Tough blow: Gearey received his marching orders before the Lewis fight
A BBC sports correspondent learnt a grim lesson after travelling to the US last weekend without a special media visa – he was detained for 25 hours and then deported.
Kevin Gearey travelled to Los Angeles to report on Lennox Lewis’s heavyweight championship fight, only to be faced with his own conflict, as US customs officials arrested him and subjected him to a grilling at the airport. They then deported him for not holding a journalist’s “I-visa”.
Gearey, who has covered Lewis’s fights as well as other sporting events in the US, was detained in what appears to be a clampdown on British journalists intent on working while in the US but not in possession of the I-visa.
Gearey had stated on the visa waiver form, handed out to all incoming non-US nationals, that he was visiting the country “for pleasure”. However, on being confronted by a customs officer at the barrier, Gearey admitted he was there to report on the Lewis fight. He was then handcuffed and taken to the airport’s detention centre by five guards, where he was grilled for nearly four hours.
“They took my mobile phone and said I could make a local call.

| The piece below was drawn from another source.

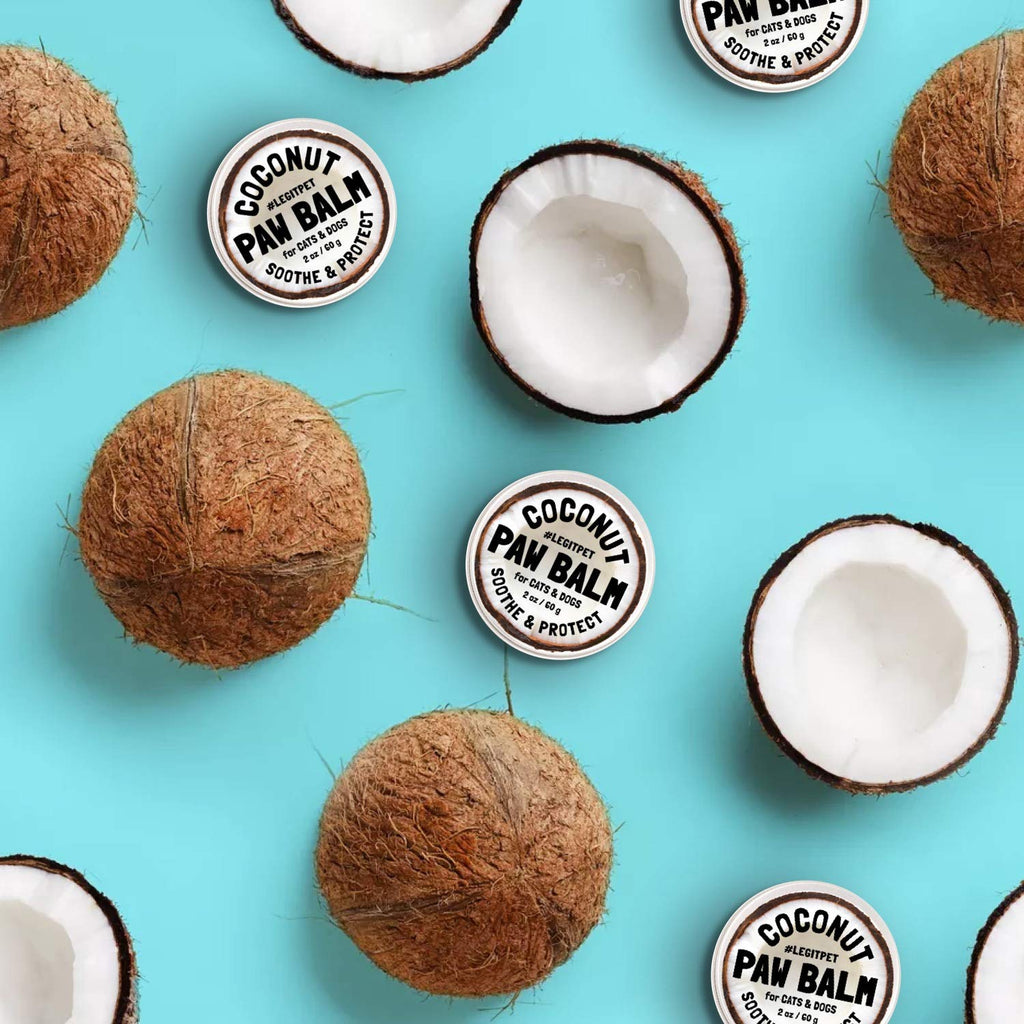 Coconut Paw Balm for Dogs by legitpet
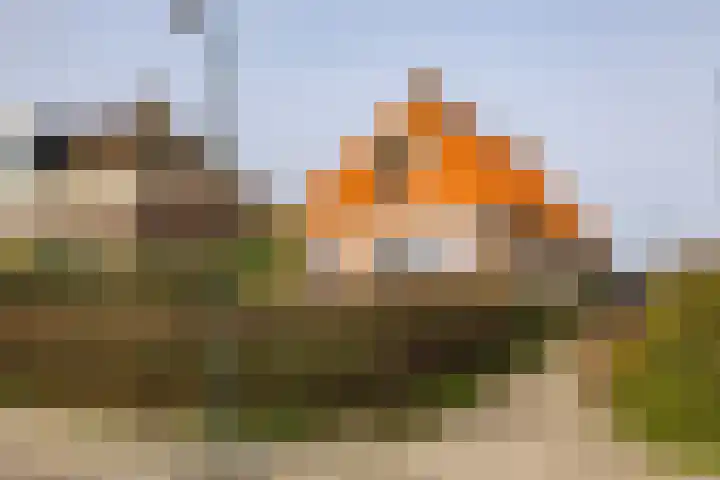 Tsjerkepaad 2 Nijewier thumbnail 13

So I called the BBC’s LA bureau and got a message back to London,” he told Press Gazette.
Finally, officials took Gearey – still handcuffed – to an awaiting plane bound for London.
“If there hadn’t been another plane to go back on, they would have transferred me to the LA County Jail because they wouldn’t have been allowed to detain me at the airport for more than one night,” he said.
Gearey’s deportation is the third known case of British journalists being deported from the US in the past month.
A team of four journalists attending a video games conference in LA were stopped and held after they were told their visa waivers were not valid. It is also understood that a group of British journalists attending an event in Pasadena have also been deported.
“I explained to one of the guards that I’d been twice to the US since September 11, and had no trouble at all. He said: ‘You shouldn’t have.'” Gearey said he had an I-visa about 10 years ago, but had not renewed it.
US immigration laws have maintained that foreign journalists have required an I-visa for at least 10 years, but enforcement has been less than rigorous until recently. An I-visa costs £67 and is valid for five years.